What if one of the drivers for your revenue forecasts is taken away? “You consider how you can influence your drivers, which helps you reach your objectives,” he says.
This kind of forecasting has got much harder in today’s economic climate, says Gardner, with negative interest rates and the pound at its lowest level for years.
So are businesses over-reliant on forecasting in its many guises? Tidjane Thiam, Global CEO of Credit Suisse, told US TV channel CNBC: “I don’t like forecasting. I so deeply believe that the world is random, that management is about getting ready for a broad range of outcomes, rather than trying to predict the outcome. Sometimes it’s useful to predict the outcome, but the primary rule is to make your organisation resilient, so that it can cope with a number of outcomes.”

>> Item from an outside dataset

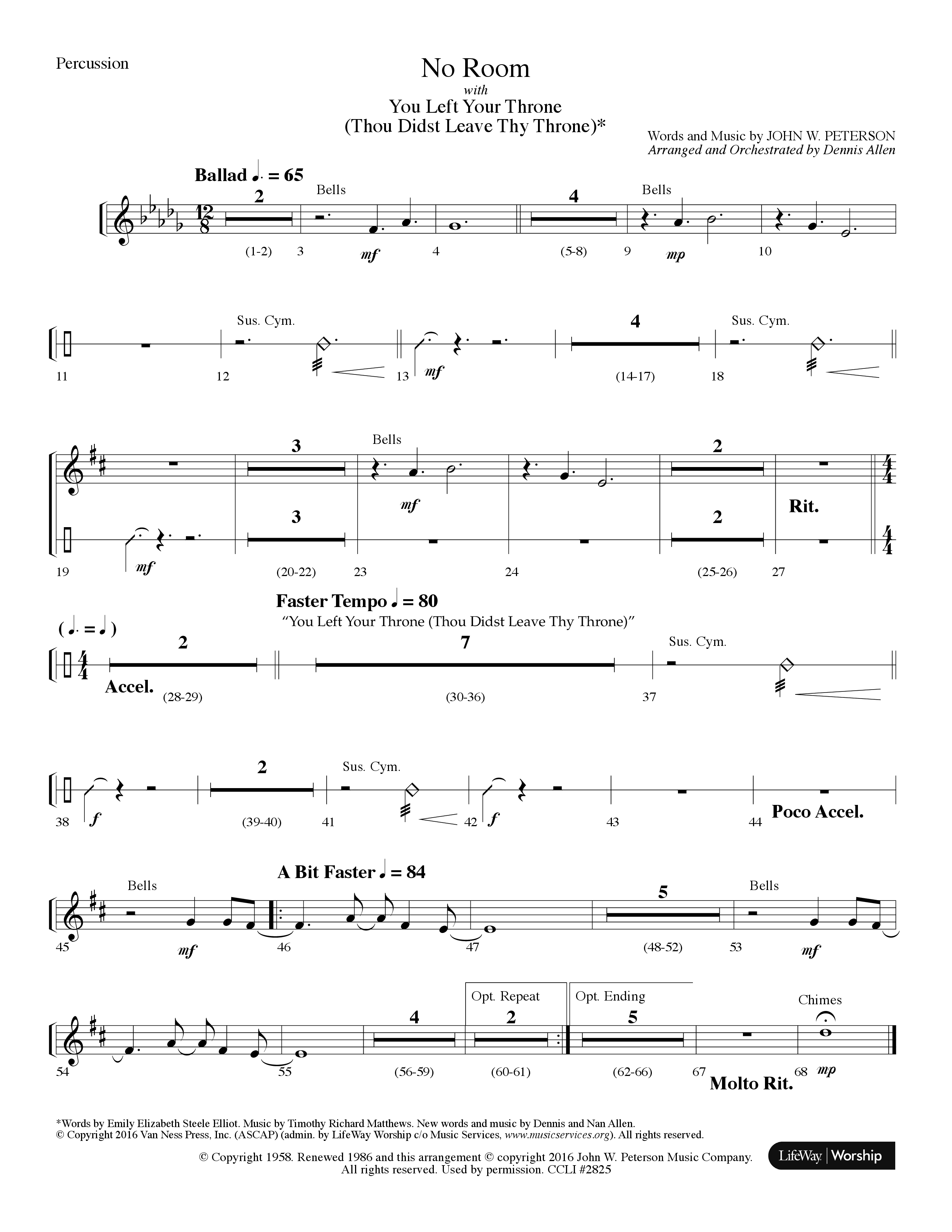 No Room (Choral Anthem SATB) Percussion (Lifeway Choral / Arr. Dennis Allen)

In any case, the writing may be on the wall for the individual star forecaster who seems to have a hot line to the future. The Good Judgment Project, initiated in 2011 by the University of Pennsylvania’s Philip Tetlock in response to a US government forecasting tournament, applies aggregation methods to turn individual forecasts into ‘the wisdom of the crowd’.
Participants are weighted according to their competency, and even trained in forecasting methods. The Project emerged as the clear victor in the tournament, building the case for a future in forecasting that relies on the aggregation of expertise to give a higher degree of confidence in its predictions.
This is just one response to the crisis forecasters face in an age of uncertainty. Artificial intelligence and ever-more sophisticated computer algorithms may also help to provide more accurate results in future – but it seems that for businesses, the best advice is to plan for everything.